One who failed to say Birkat HaLevanah by the seventh of the month can say it until the end of the night of the fifteenth, because the moon is still full until then. Afterwards, it begins to wane, and therefore, the blessing cannot be said from the night of the sixteenth and onward (Shulchan Aruch 426:3).
Preferably, one should take into account the opinion of the Maharil, who holds that one may not say Birkat HaLevanah after half of the moon’s cycle has elapsed (14 days, 18 hours, and approximately 20 minutes from the time of the molad). This time rarely passes the beginning of the night of the fourteenth. By the night of the fifteenth, the moon’s cycle sometimes reaches the halfway mark, and sometimes not (Rama 426:3, Kaf HaChaim 53). Nevertheless, in practice, one who did not say the blessing by the fourteenth may say it until the end of the night of the fifteenth (Biur Halachah 426:3, Yabi’a Omer 8:42).

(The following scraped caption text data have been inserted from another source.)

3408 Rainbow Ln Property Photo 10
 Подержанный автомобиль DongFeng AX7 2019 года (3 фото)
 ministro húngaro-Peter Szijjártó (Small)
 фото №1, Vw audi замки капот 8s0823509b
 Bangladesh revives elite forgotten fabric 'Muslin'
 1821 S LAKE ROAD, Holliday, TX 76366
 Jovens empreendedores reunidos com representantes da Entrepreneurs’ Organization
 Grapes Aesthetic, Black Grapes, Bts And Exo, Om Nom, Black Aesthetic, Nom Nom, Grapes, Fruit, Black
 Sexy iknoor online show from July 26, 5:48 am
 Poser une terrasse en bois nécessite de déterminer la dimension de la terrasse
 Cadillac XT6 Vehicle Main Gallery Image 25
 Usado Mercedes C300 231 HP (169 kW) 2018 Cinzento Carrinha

 See Beit Yosef and Shulchan Aruch 426:4, Bach and Mishna Berura ibid., Kaf HaChaim 61, Sefer Kiddush Levanah 3:1-2. Many Rishonim hold that the blessing should be said immediately upon the moon’s reappearance [at the beginning of the month]. R. Ya’akov Roke’ach writes in Shulchan Lechem HaPanim that this seems to be the opinion of R. Amram Gaon, Behag, Rif, Rambam, Rosh, and others. The Bach points out that the Talmud implies that one should not say Kiddush Levanah after the seventh day. The Rambam, as well, indicates that it is preferable to say it as early as possible. On the other hand, some poskim infer from Tractate Soferim (20:1) that one should not bless the new moon until it is possible to benefit from its light. Talmidei Rabbeinu Yonah, R. David Avudraham, the Kolbo, and others espouse this viewpoint. This is also the practical implication of the discussion cited above in note 23. According to Kabbalah, one should say the blessing after seven days. In practice, the custom of Ashkenazim is to bless the moon after three days have passed. This is also the custom of the Jews of Morocco and other North African communities (so writes Rabbi Mashash and many others). The majority of Sefardim, based on Kabbalah, as well as the Hasidim, are accustomed to reciting the blessing after seven days. Moreover, some Ashkenazim follow this custom l’chatchillah (preferentially), as the Chatam Sofer (Orach Chayim 102) and Aruch HaShulchan (426:13) write. Nonetheless, when the seventh falls out on a Saturday night, it seems preferable to recite Birkat HaLevanah then, even if seven complete days from the molad have not yet passed. Thi I because the moon’s light is already abundant and part of a day is regarded as an entire day. All the more so seeing that it is Motzei Shabbat, a joyous time which is suited for Birkat HaLevanah. Besides which, several poskim hold that one should recite the blessing as early as possible (Ramban and his adherents), while others assert that one should not say it later than the seventh of the month (Bach). Therefore, it is proper to say it on the night of the seventh, even if seven complete days have not passed since the molad. This is how the Knesset HaGedolah, Rama of Panow (78), Nahar Mitzrayim, Eliyah Rabbah, Eshel Avraham of Buchach, Maharsham, and others conclude (see Sefer Kiddush Levanah 3:8, with notes 27 and 29; Yechaveh Da’at 2:24).